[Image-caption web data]
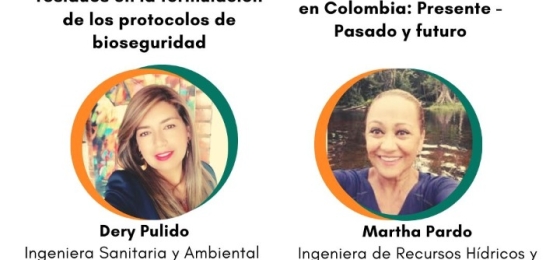 actualización de egresados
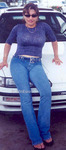 voluptuous Panama girl  from  N3236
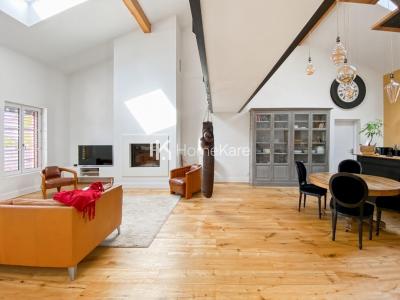 Acheter Maison 180 m2 Montauban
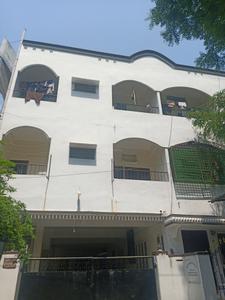 Building Image of 868 Sq.ft 2 BHK Apartment / Flat for rent in Masab Tank Hyderabad for Rs. 20000
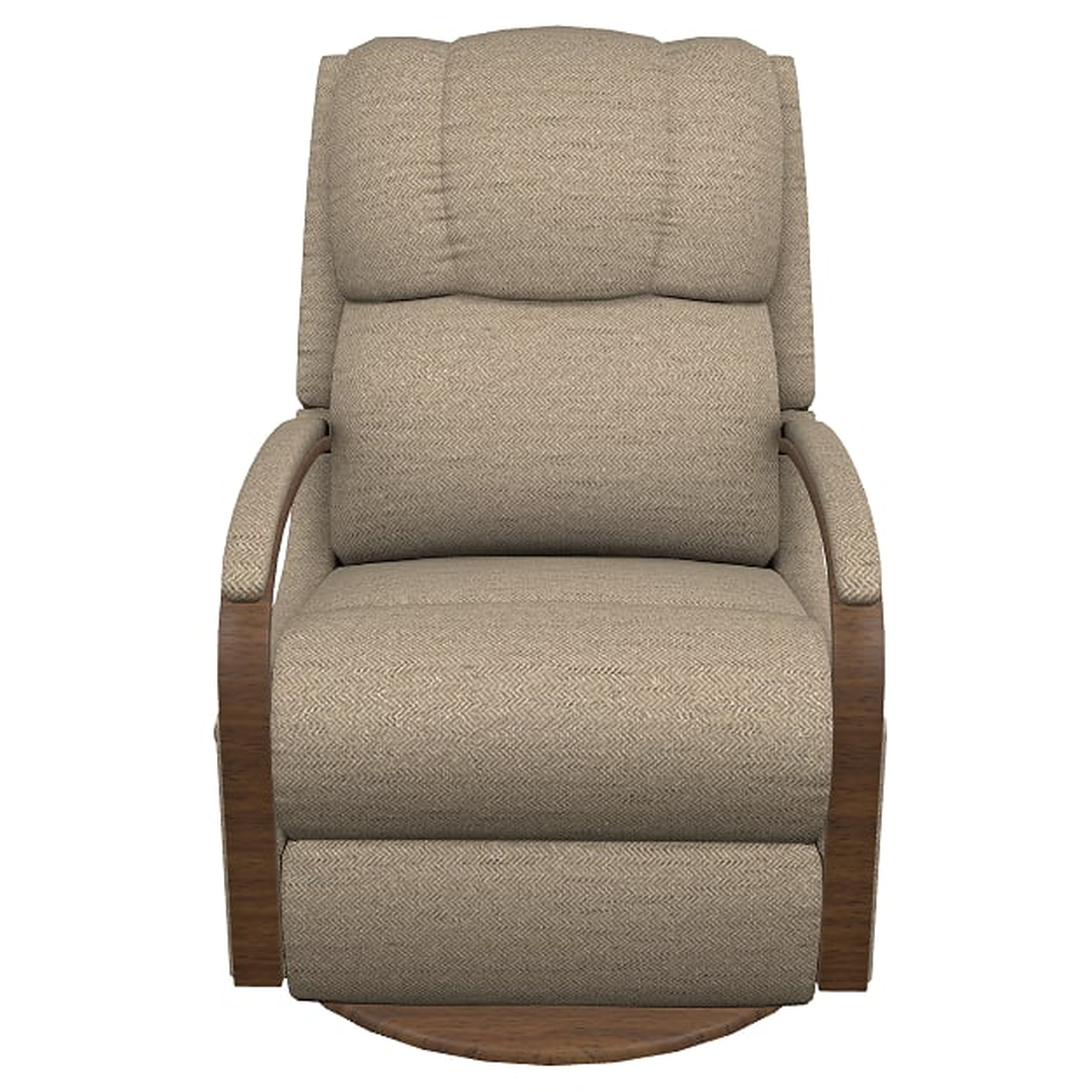 La Z Boy Harbor Town 017799 D180774 007 Glider Recliner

▶ [Your task]:
A faithful copy of the data is required: each word kept, each picture omitted.

▶ [Output]:
 actualización de egresados
 voluptuous Panama girl  from  N3236
 Acheter Maison 180 m2 Montauban
 Building Image of 868 Sq.ft 2 BHK Apartment / Flat for rent in Masab Tank Hyderabad for Rs. 20000
 La Z Boy Harbor Town 017799 D180774 007 Glider Recliner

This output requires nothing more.